(Short descriptive text snippets)
* * * * *

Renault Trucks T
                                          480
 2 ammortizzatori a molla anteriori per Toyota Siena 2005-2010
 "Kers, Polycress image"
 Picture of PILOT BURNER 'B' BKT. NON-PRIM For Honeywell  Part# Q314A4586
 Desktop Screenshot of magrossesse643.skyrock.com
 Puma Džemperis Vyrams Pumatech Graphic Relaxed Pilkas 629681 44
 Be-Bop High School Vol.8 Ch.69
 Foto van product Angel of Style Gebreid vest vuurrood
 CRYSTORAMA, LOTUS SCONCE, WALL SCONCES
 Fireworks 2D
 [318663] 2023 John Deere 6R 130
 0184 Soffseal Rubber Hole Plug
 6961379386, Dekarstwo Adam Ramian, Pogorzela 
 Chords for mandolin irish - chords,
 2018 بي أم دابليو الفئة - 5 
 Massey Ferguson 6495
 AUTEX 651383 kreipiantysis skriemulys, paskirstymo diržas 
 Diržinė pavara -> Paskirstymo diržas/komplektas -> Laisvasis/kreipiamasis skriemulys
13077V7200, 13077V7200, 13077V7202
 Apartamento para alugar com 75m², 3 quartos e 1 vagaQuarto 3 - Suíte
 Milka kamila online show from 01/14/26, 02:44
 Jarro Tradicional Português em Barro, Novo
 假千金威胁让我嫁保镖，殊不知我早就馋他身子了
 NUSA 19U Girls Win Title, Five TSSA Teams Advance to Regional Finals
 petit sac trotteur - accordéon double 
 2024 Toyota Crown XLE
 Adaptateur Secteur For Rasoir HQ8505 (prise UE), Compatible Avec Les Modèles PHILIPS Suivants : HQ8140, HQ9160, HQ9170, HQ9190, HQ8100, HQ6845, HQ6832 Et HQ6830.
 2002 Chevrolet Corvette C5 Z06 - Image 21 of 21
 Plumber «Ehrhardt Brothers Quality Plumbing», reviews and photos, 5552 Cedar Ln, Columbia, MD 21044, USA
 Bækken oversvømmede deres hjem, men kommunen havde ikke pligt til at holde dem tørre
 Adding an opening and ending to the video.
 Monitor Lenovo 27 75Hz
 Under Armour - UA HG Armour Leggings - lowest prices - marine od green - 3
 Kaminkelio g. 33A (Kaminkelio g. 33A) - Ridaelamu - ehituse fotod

* * * * *

Emit only the final stretch of the records: the line containing "Bækken oversvømmede deres" through the end, each line exactly as it stands.

 Bækken oversvømmede deres hjem, men kommunen havde ikke pligt til at holde dem tørre
 Adding an opening and ending to the video.
 Monitor Lenovo 27 75Hz
 Under Armour - UA HG Armour Leggings - lowest prices - marine od green - 3
 Kaminkelio g. 33A (Kaminkelio g. 33A) - Ridaelamu - ehituse fotod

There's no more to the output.